Éminent chercheur de l’Université Stanford et partisan de longue date des bons d’études, Terry Moe estime que le chemin vers les bons d’études ne doit plus passer par un référendum complexe état par état.

Moe, qui a reçu un appui financier considérable de groupes conservateurs, affirme que, « dans quelques dizaines d’années, les bons d’études feront partie intégrante de l’éducation américaine ». Dans son essai Schools, Vouchers, and the American Public, sous l’étiquette de la Brookings Institution, Moe soutient également que les bons d’études sont en train de gagner la faveur d’un public de plus en plus large.

L’étude de Moe se fonde sur 4700 entrevues téléphoniques effectuées en 1995 pour connaître l’opinion des Américains sur les écoles publiques, les écoles privées et les bons d’études. Moe a passé cinq ans à analyser les données recueillies, et il conclut que les bons d’études seront finalement adoptés dans le cadre de ce qu’il appelle la « politique normale », c’est-à-dire les activités législatives des états.

« En fin de compte, c’est vraisemblablement cette même Cour suprême qui a confirmé Bush à la présidence qui décidera du sort des bons d’études, » écrit Stan Karp dans Z Magazine (avril 2001). Selon Karp, éducateur et rédacteur adjoint de Rethinking Schools, « la Cour suprême devra par la suite déterminer jusqu’à quel point les états peuvent utiliser les bons d’études pour canaliser les fonds publics vers les écoles privées et confessionnelles, et cette décision renverra la balle aux législatures d’état, provoquant d’autres débats. »
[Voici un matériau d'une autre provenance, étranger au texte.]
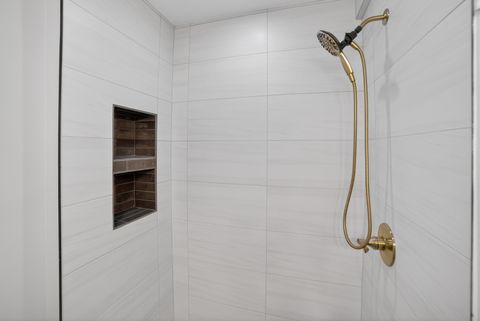 Tiny photo for 525 N Springfield Avenue, Chicago, IL 60624 (MLS # 12571042)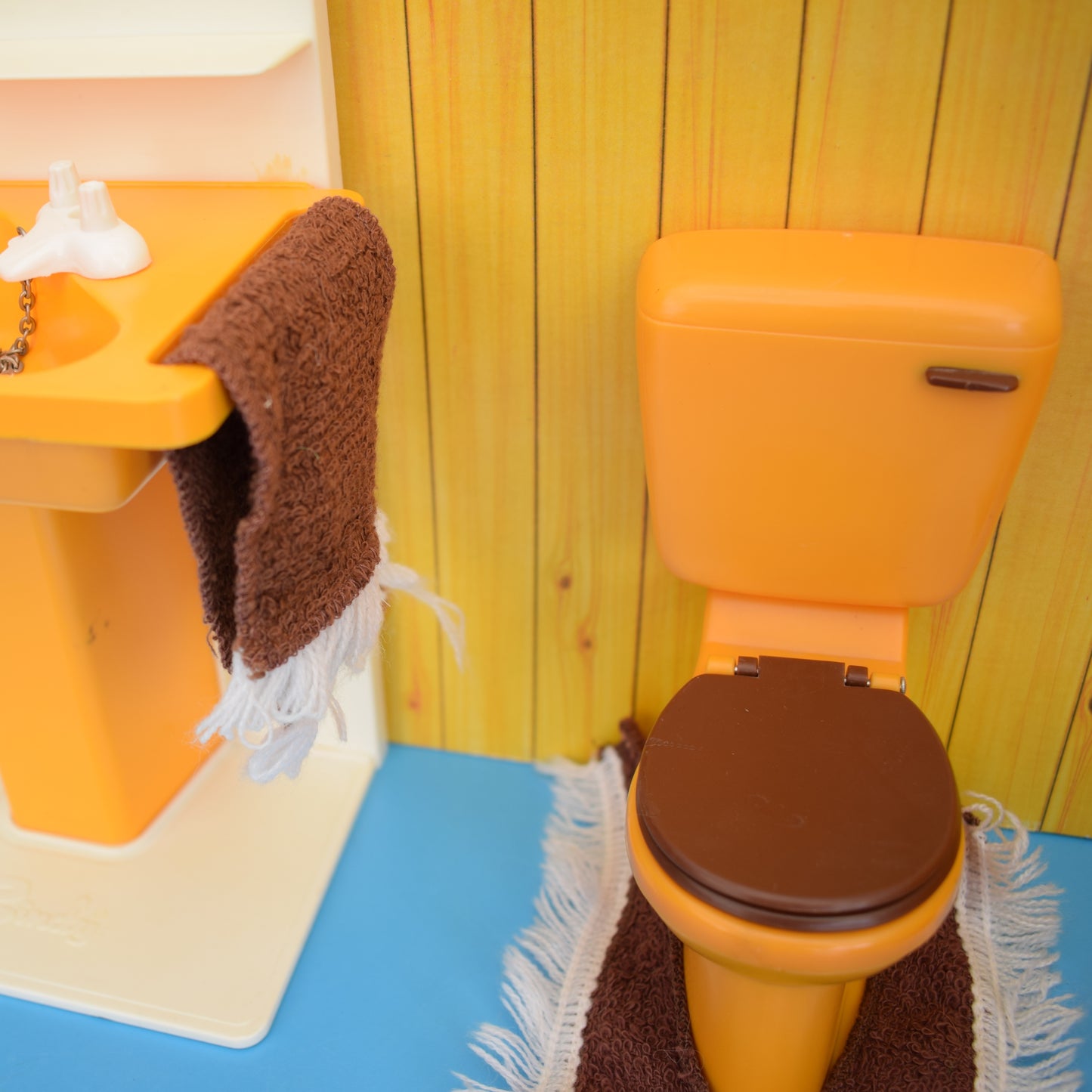 Vintage 1970s Sindy Doll Bathroom Set by Pineapple Retro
La longue marche jusqu’à la privatisation

La lutte au sujet de l’éducation américaine va au-delà du traditionnel paradigme du gouvernement fédéral versus état-localité. À cet égard, Ann Bastion, consultante en éducation et haut inspecteur des programmes à la fondation libérale New World, affirme qu’en vérité le facteur de privatisation « est la pièce maîtresse de tout l’agenda de la droite, à savoir démonter les programmes et les responsabilités du gouvernement à l’égard des besoins sociaux ».

Les initiatives de bons d’études pourraient contribuer à soutenir la privatisation. Par ce biais, une industrie de l’éducation publique de plus de 650 milliards de dollars pourrait être ouverte à des entreprises privées alors que les entrepreneurs et les spécialistes politiques conservateurs n’y voient que du rêve.

Pour les conservateurs, les compromis présidentiels à l’égard de l’éducation sont une opportunité manquée. Cependant, d’autres éléments du plan de Bush pourront ouvrir le chemin aux bons d’études et servir de cheval de bataille à la privatisation.

À mesure que les résultats des évaluations sont rassemblés et analysés, de plus en plus d’écoles publiques sous-financées peuvent être classées « défaillantes ». Il deviendra de plus en plus clair qu’engager un professeur ou s’inscrire dans une meilleure école ne sera pas l’alternative réelle pour la plupart des enfants mal instruits. Cela pourrait déclencher un nouvel élan pour les bons d’études, bref un pas extraordinaire vers la privatisation.

À l’heure de la déréglementation, le rôle du gouvernement fédéral serait considérablement réduit si le secteur privé prenait en charge une grande partie de l’éducation publique.